◆ **Task brief**
Reproduce exactly, and only, the lines of the material below running from the line bearing "Narciso Large Cupped Ladea - Bulbi" through the line bearing "Bare trees and buildings against sky". Leave any pictures out.

◆ **Materials provided**
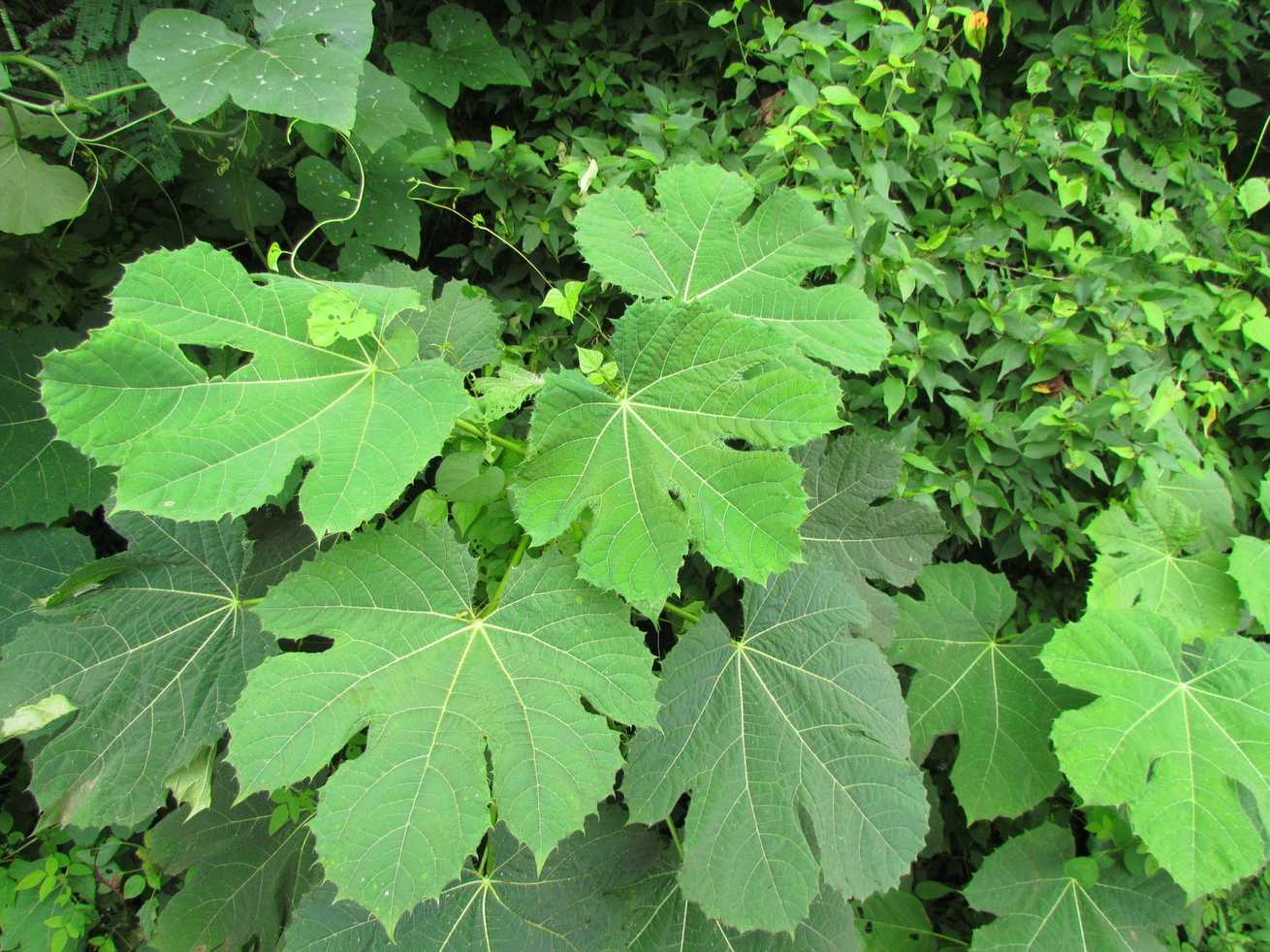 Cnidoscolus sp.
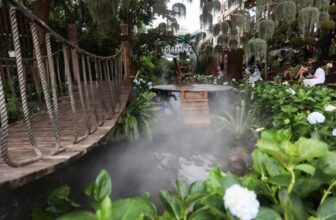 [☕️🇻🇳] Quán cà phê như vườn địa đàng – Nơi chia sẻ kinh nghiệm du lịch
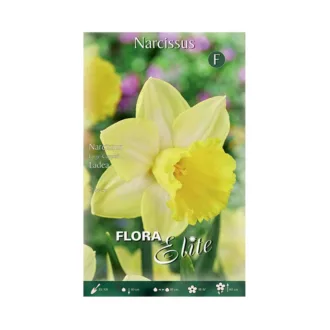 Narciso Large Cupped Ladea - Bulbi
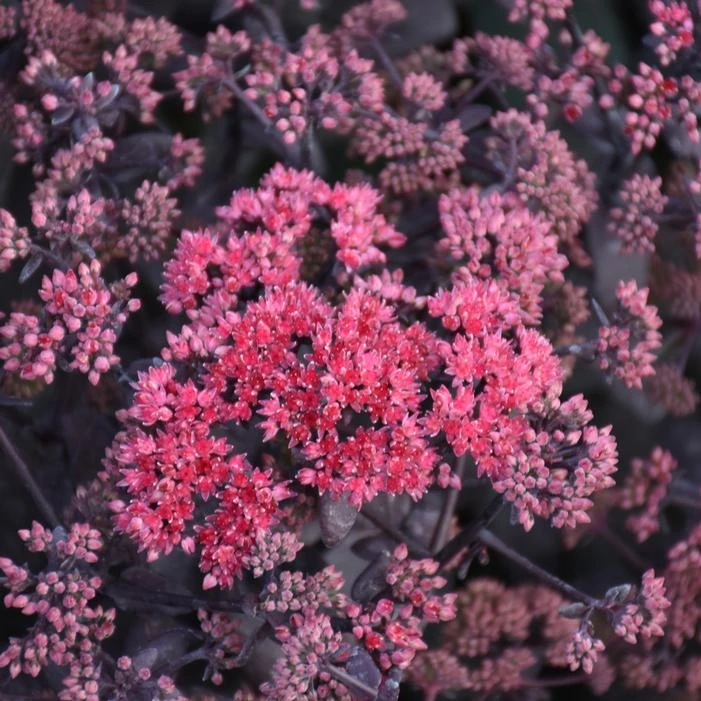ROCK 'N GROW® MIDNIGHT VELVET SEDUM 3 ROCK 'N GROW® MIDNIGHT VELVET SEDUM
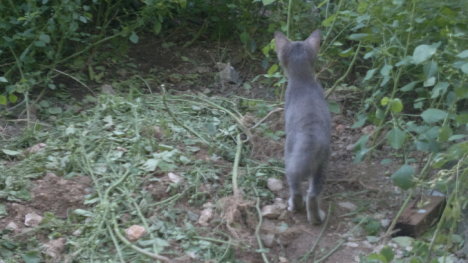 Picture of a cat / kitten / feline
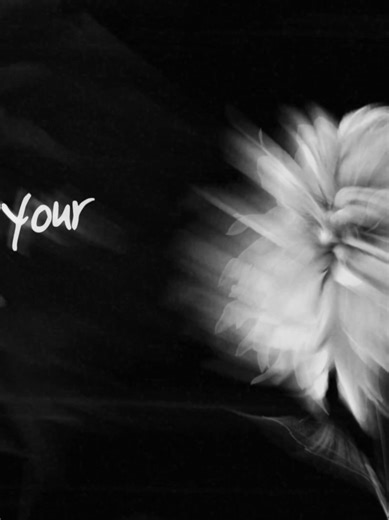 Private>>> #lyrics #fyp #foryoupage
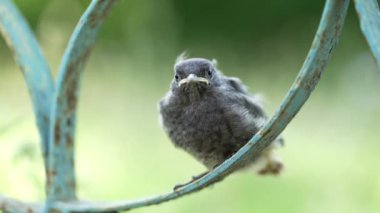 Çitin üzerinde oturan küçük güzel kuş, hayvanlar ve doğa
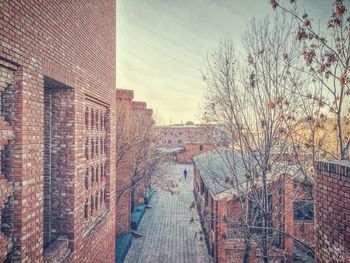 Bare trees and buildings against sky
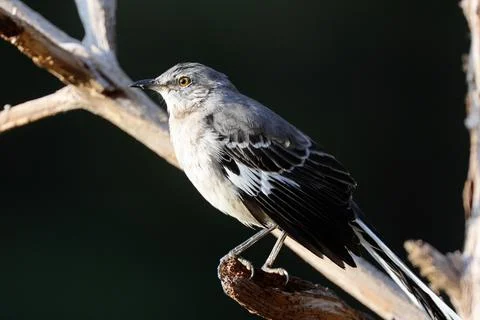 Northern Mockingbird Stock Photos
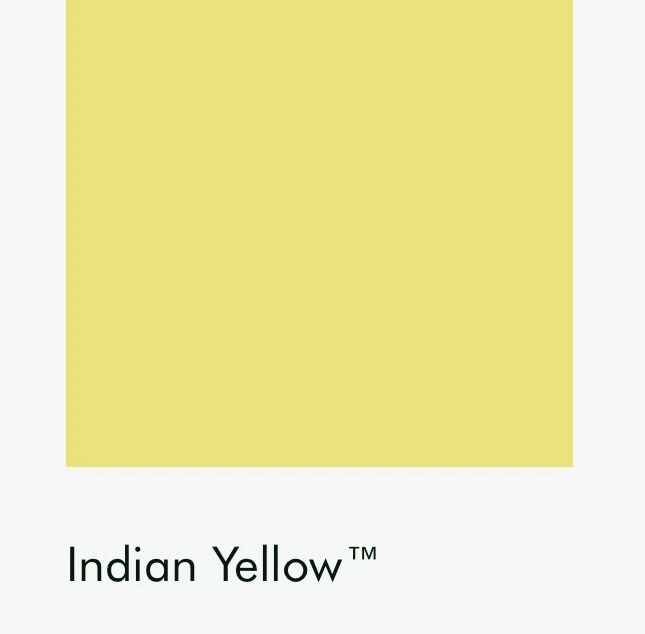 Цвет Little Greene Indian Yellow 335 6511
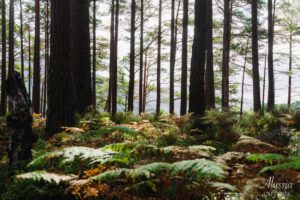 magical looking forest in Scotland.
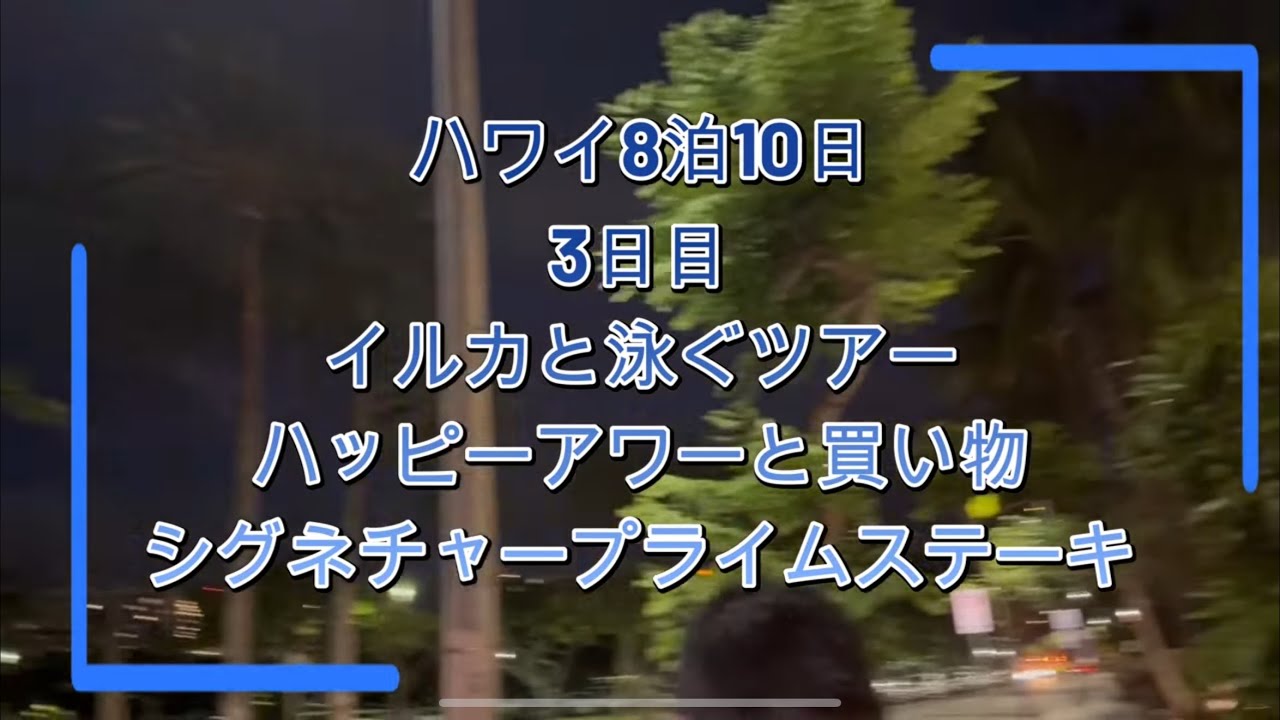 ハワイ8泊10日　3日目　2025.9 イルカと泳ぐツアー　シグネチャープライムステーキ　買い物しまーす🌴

◆ **Result of this exercise**
 Narciso Large Cupped Ladea - Bulbi
ROCK 'N GROW® MIDNIGHT VELVET SEDUM 3 ROCK 'N GROW® MIDNIGHT VELVET SEDUM
 Picture of a cat / kitten / feline
 Private>>> #lyrics #fyp #foryoupage
 Çitin üzerinde oturan küçük güzel kuş, hayvanlar ve doğa
 Bare trees and buildings against sky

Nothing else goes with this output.